Posted by:Monday, December 10, 2018

As of March 25, 2016, there have been 133 telehealth related bills introduced in 30 states across the nation. The most common legislation addresses reimbursement, telehealth professional standards, the need for in-person examinations, prescribing, and cross-state licensing.

Various states have introduced legislation or regulations that are related to how a patient-provider relationship is formed or the need for an in-person exam, often in contact with prescribing.

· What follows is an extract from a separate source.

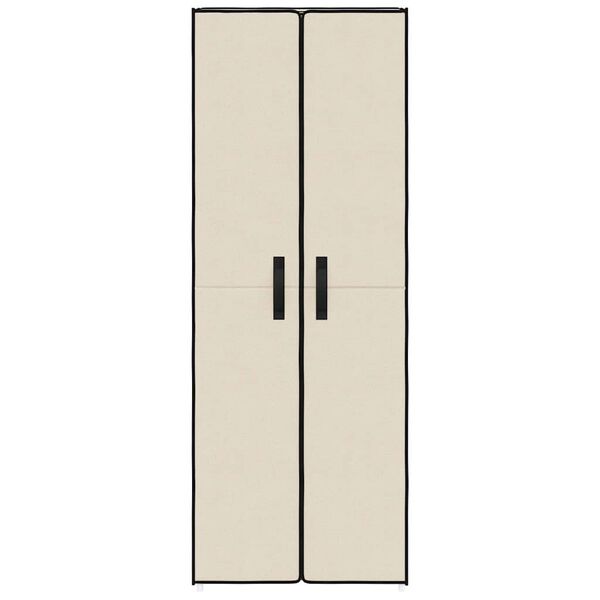 vidaXL Armario zapatero de tela crema 60x30x166 cm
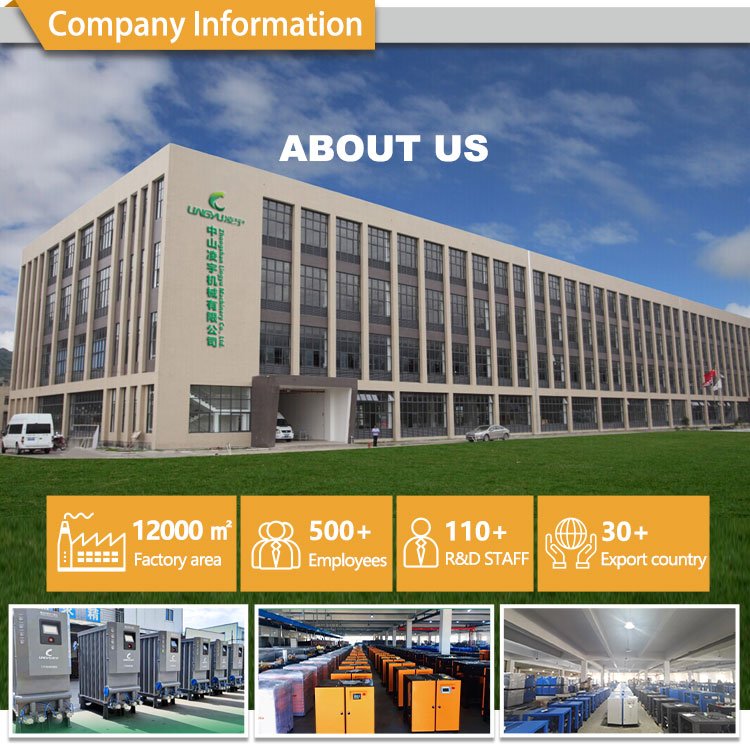 50hp 37 KW Screw Compressor Direct Drive Three Phase 10 bar 230V 60HZ Lingyu air Compressor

In Indiana, Governor Pence signed House Bill 1263 into law on March 21, 2016. Through this legislation, the Indiana General Assembly (IGA) has created an opportunity to utilize technology to extend healthcare access and availability via telemedicine. House Enrolled Act 1263 allows for providers to deliver some health care services to patients via approved technologies of; secure videoconferencing; interactive audio-using store and forward technology; or remote patient monitoring technology.

The approved providers include a licensed physician, physician’s assistant, and advanced practice nurse, and an optometrist. The standards for health care services are the same as those services provided at an in-person setting. Prescriptions issued via telemedicine are limited to; prescriptions within the provider’s scope of practice and certification; is not a controlled substance or an abortion inducing drug; and not glasses or contacts.

Providers may issue prescriptions for patients not previously physically seen, if the provider satisfies the applicable standard of care in the treatment of the patient and create and maintain a medical record for the patient. Providers outside of Indiana, utilizing telemedicine, must agree to be subject to the jurisdiction of the courts of Indiana and Indiana substantive and procedural laws.

In Ohio, House Bill 188 became effective on March 23, 2016. This enrolled act authorized a physician to establish a physician-patient relationship by the use of appropriate technology that permits, in a manner that is consistent with the minimal standard of care for in-person care by a physician, a medical evaluation and the collection of relevant clinical history as needed to establish a diagnosis, identify any underlying conditions, and identify any contraindications to the treatment that is recommended or provided.

In South Carolina, Senate Bill 1035 would allow for the establishment of a patient-provider relationship to be established via telemedicine, but not for purposes of prescribing.

In West Virginia, House Bill 4463 was sent to the Governor on March 23, 2016. This bill would establish a patient-provider relationship via telemedicine, but includes limits on prescribing.